Your instructions
Print every entry again exactly, with no pictures.

Input records

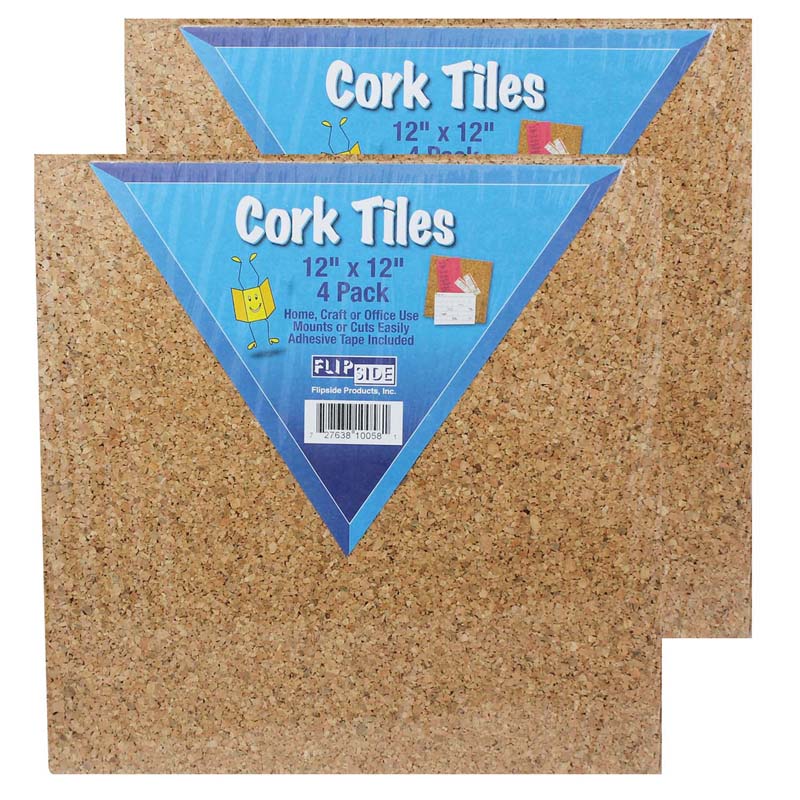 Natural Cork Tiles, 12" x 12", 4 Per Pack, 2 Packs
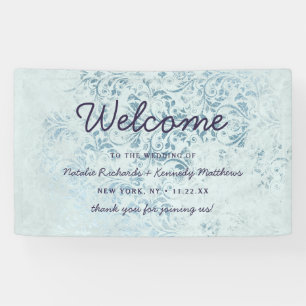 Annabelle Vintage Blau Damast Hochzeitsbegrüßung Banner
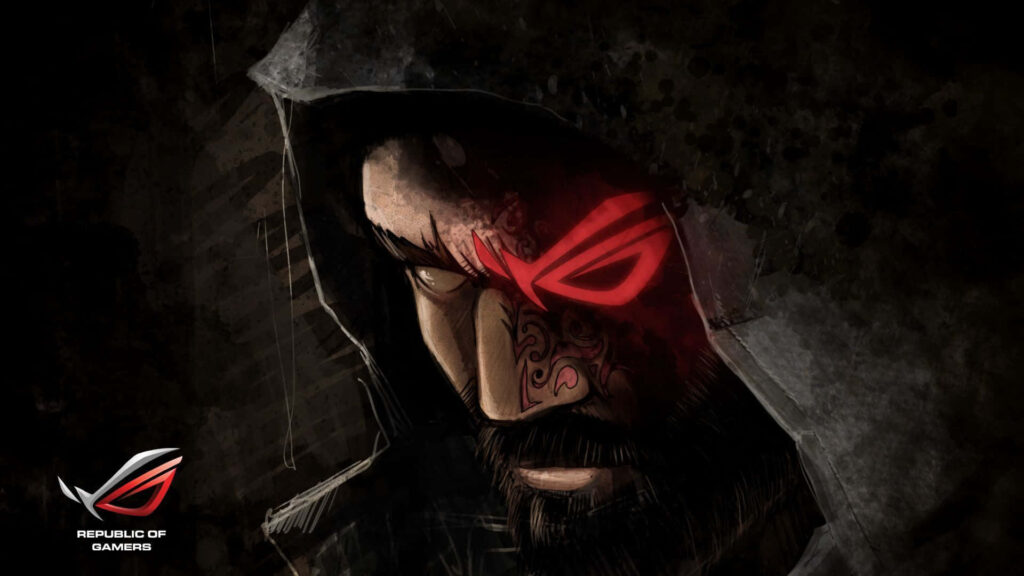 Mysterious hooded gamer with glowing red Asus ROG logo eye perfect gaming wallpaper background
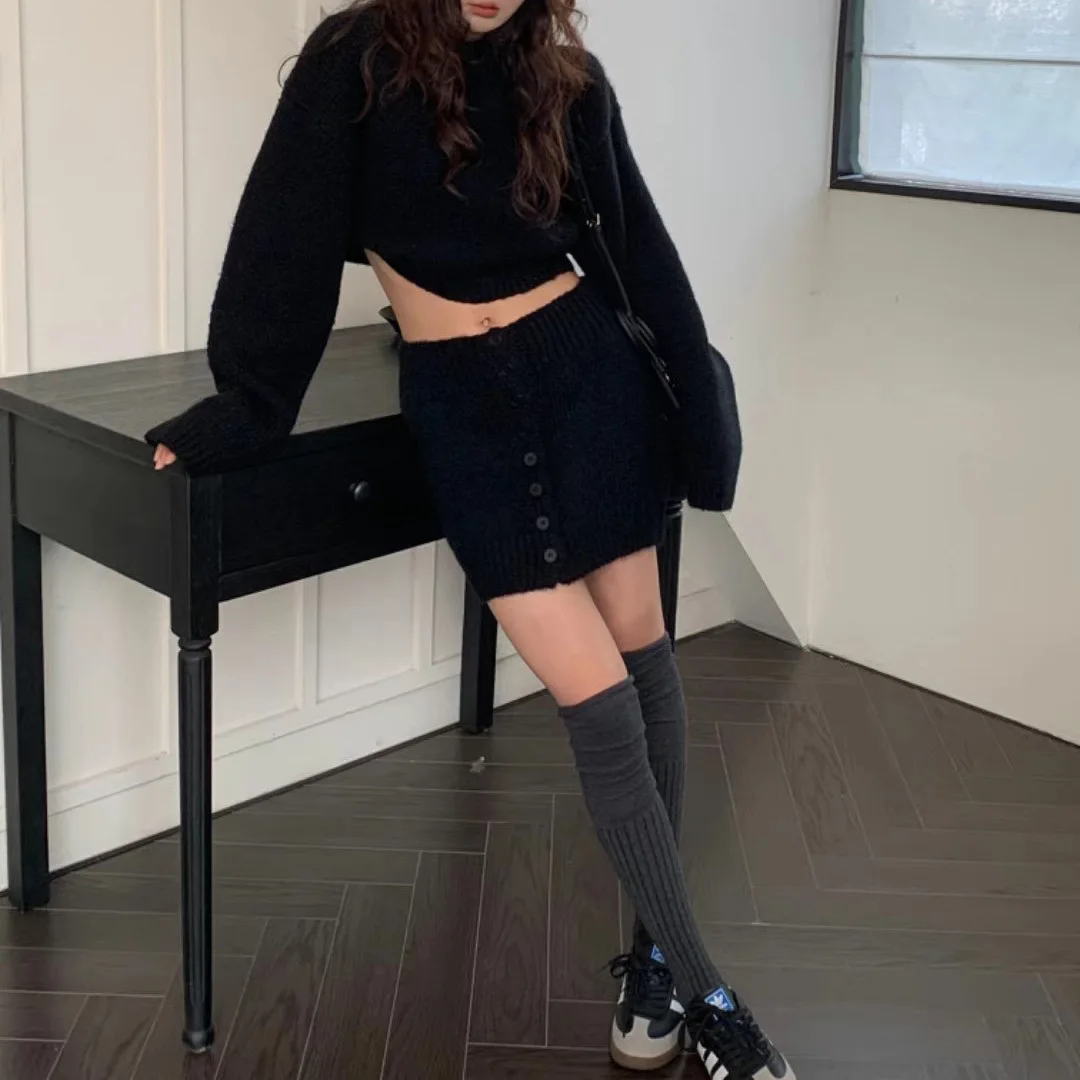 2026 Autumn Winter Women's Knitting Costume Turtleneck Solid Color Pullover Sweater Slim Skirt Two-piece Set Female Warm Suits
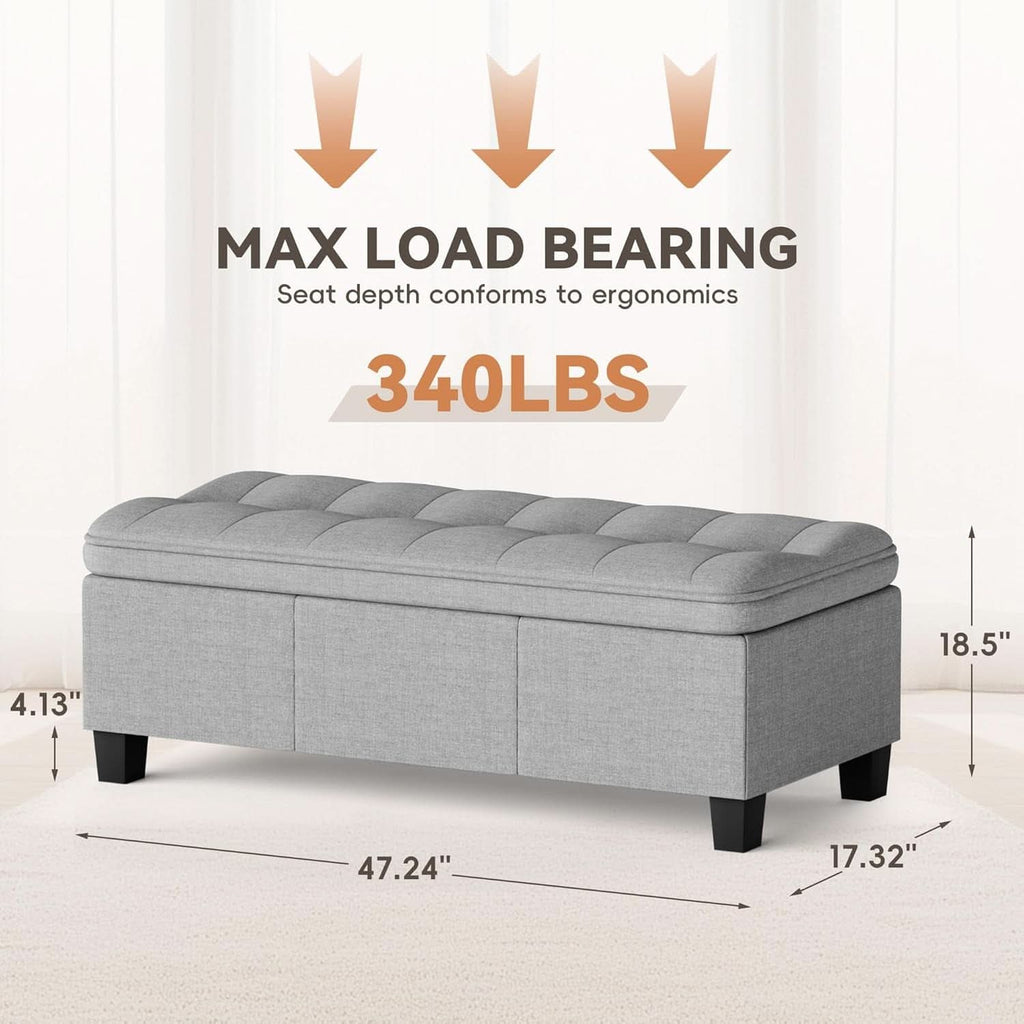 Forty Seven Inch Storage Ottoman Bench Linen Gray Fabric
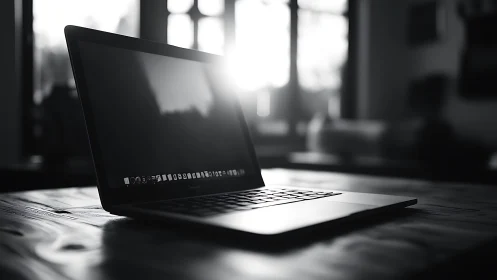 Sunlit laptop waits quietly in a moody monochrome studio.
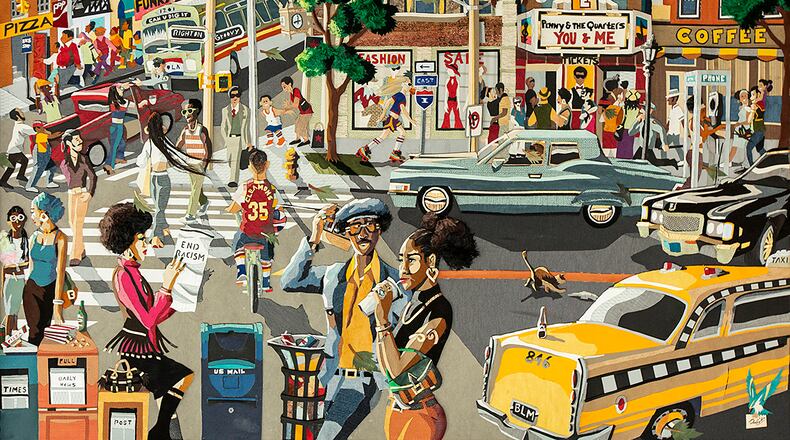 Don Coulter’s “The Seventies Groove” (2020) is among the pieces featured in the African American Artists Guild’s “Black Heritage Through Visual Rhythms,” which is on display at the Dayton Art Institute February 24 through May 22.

Finished exercise
 Natural Cork Tiles, 12" x 12", 4 Per Pack, 2 Packs
 Annabelle Vintage Blau Damast Hochzeitsbegrüßung Banner
 Mysterious hooded gamer with glowing red Asus ROG logo eye perfect gaming wallpaper background
 2026 Autumn Winter Women's Knitting Costume Turtleneck Solid Color Pullover Sweater Slim Skirt Two-piece Set Female Warm Suits
 Forty Seven Inch Storage Ottoman Bench Linen Gray Fabric
 Sunlit laptop waits quietly in a moody monochrome studio.
 Don Coulter’s “The Seventies Groove” (2020) is among the pieces featured in the African American Artists Guild’s “Black Heritage Through Visual Rhythms,” which is on display at the Dayton Art Institute February 24 through May 22.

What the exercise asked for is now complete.